Over the past year, SGU has reduced its debt from $100.0M to $92.5M – this includes both the current and long-term debt. With this reduction in debt, SGU currently has $139.2M remaining in cash and short-term investments , ready to deploy into the business. Moreover, SGU has generated $102.0M in operating cash flow over the same time period, resulting in an operating cash to total debt ratio of 1.1x, indicating that SGU’s current level of operating cash is high enough to cover debt. This ratio can also be interpreted as a measure of efficiency as an alternative to return on assets. In SGU’s case, it is able to generate 1.1x cash from its debt capital.
Can SGU meet its short-term obligations with the cash in hand?
With current liabilities at $289.9M liabilities, it seems that the business has maintained a safe level of current assets to meet its obligations, with the current ratio last standing at 1.02x. Generally, for gas utilities companies, this is a reasonable ratio since there is a bit of a cash buffer without leaving too much capital in a low-return environment.
Is SGU’s level of debt at an acceptable level?
With debt at 23.75% of equity, SGU may be thought of as appropriately levered. This range is considered safe as SGU is not taking on too much debt obligation, which can be restrictive and risky for equity-holders. We can check to see whether SGU is able to meet its debt obligations by looking at the net interest coverage ratio. A company generating earnings before interets and tax (EBIT) at least three times its net interest payments is considered financially sound. In SGU’s, case, the ratio of 5.82x suggests that interest is appropriately covered, which means that lenders may be less hesitant to lend out more funding as SGU’s high interest coverage is seen as responsible and safe practice.
Are you a shareholder? SGU’s cash flow coverage indicates it could improve its operating efficiency in order to meet demand for debt repayments should unforeseen events arise. Though, the company will be able to pay all of its upcoming liabilities from its current short-term assets. Given that SGU’s financial situation may change. I recommend keeping abreast of market expectations for SGU’s future growth on our free analysis platform.

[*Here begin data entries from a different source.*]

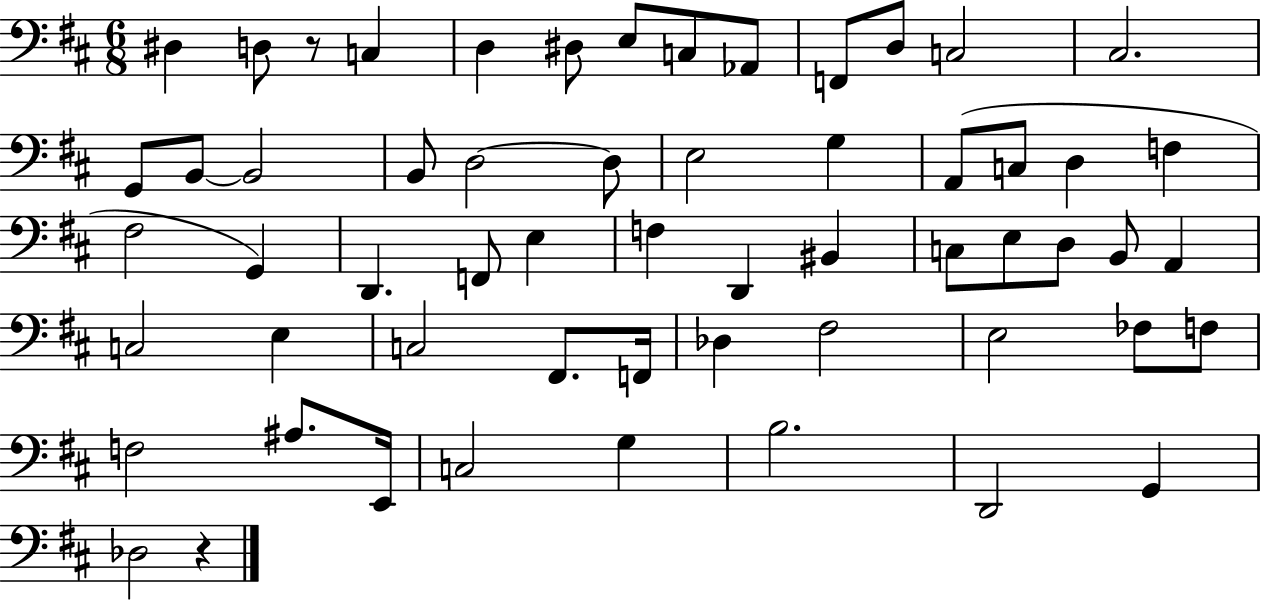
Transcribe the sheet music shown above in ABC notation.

X:1
T:Untitled
M:6/8
L:1/4
K:D
^D, D,/2 z/2 C, D, ^D,/2 E,/2 C,/2 _A,,/2 F,,/2 D,/2 C,2 ^C,2 G,,/2 B,,/2 B,,2 B,,/2 D,2 D,/2 E,2 G, A,,/2 C,/2 D, F, ^F,2 G,, D,, F,,/2 E, F, D,, ^B,, C,/2 E,/2 D,/2 B,,/2 A,, C,2 E, C,2 ^F,,/2 F,,/4 _D, ^F,2 E,2 _F,/2 F,/2 F,2 ^A,/2 E,,/4 C,2 G, B,2 D,,2 G,, _D,2 z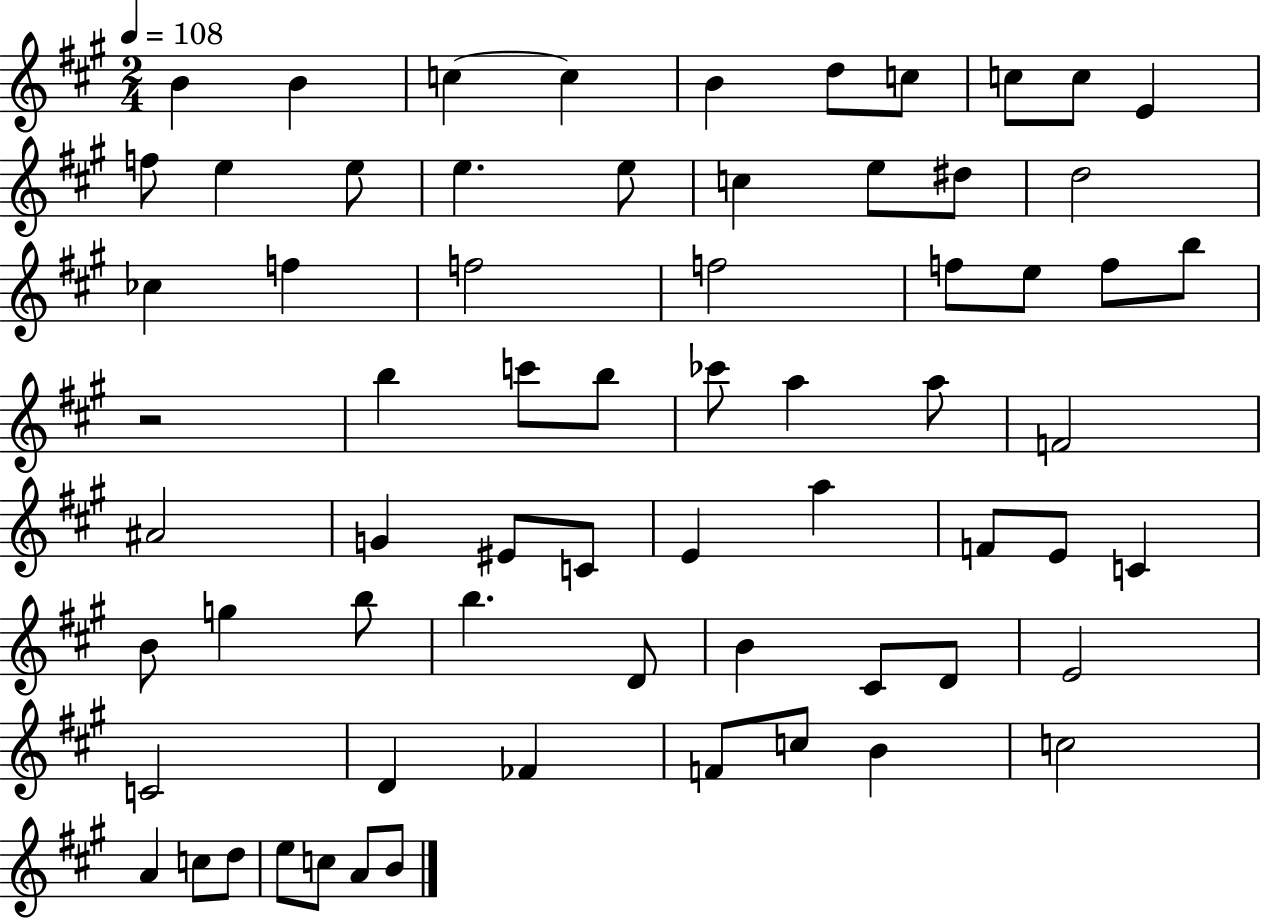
X:1
T:Untitled
M:2/4
L:1/4
K:A
B B c c B d/2 c/2 c/2 c/2 E f/2 e e/2 e e/2 c e/2 ^d/2 d2 _c f f2 f2 f/2 e/2 f/2 b/2 z2 b c'/2 b/2 _c'/2 a a/2 F2 ^A2 G ^E/2 C/2 E a F/2 E/2 C B/2 g b/2 b D/2 B ^C/2 D/2 E2 C2 D _F F/2 c/2 B c2 A c/2 d/2 e/2 c/2 A/2 B/2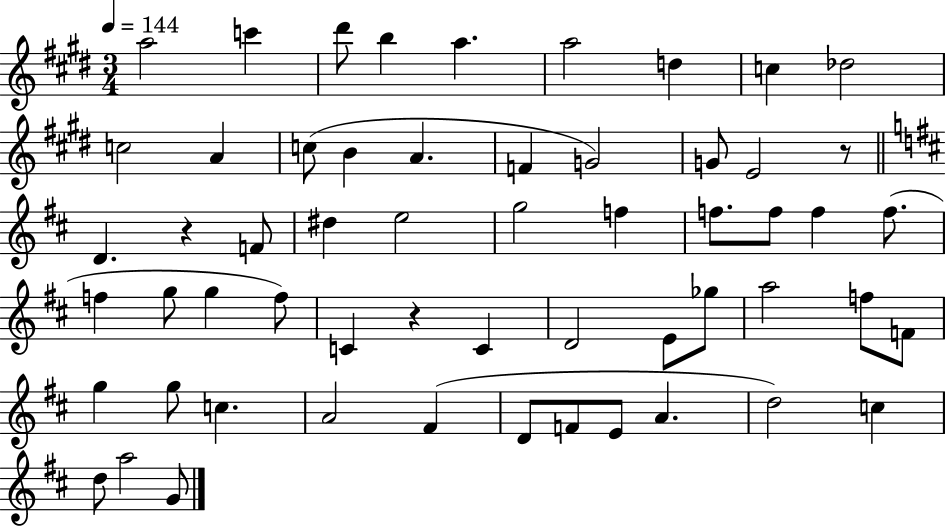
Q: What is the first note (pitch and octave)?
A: A5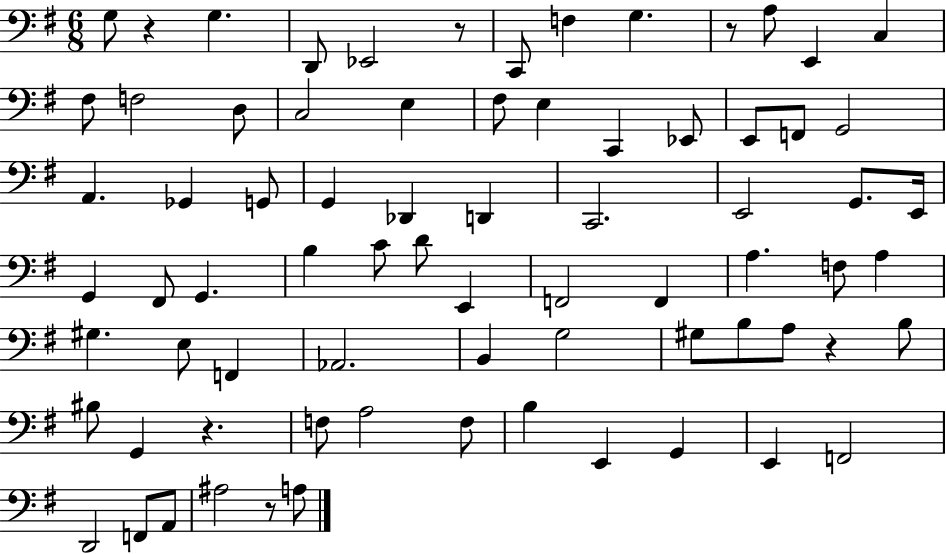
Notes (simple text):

G3/e R/q G3/q. D2/e Eb2/h R/e C2/e F3/q G3/q. R/e A3/e E2/q C3/q F#3/e F3/h D3/e C3/h E3/q F#3/e E3/q C2/q Eb2/e E2/e F2/e G2/h A2/q. Gb2/q G2/e G2/q Db2/q D2/q C2/h. E2/h G2/e. E2/s G2/q F#2/e G2/q. B3/q C4/e D4/e E2/q F2/h F2/q A3/q. F3/e A3/q G#3/q. E3/e F2/q Ab2/h. B2/q G3/h G#3/e B3/e A3/e R/q B3/e BIS3/e G2/q R/q. F3/e A3/h F3/e B3/q E2/q G2/q E2/q F2/h D2/h F2/e A2/e A#3/h R/e A3/e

Are you a potential investor? Star Group currently has financial flexibility to ramp up growth in the future. In addition, its high liquidity means the company should continue to operate smoothly in the case of adverse events. In order to build your confidence in the stock, you need to also examine the company’s track record. As a following step, you should take a look at SGU’s past performance analysis on our free platform in order to determine for yourself whether its debt position is justified.
To help readers see pass the short term volatility of the financial market, we aim to bring you a long-term focused research analysis purely driven by fundamental data. Note that our analysis does not factor in the latest price sensitive company announcements.
The author is an independent contributor and at the time of publication had no position in the stocks mentioned.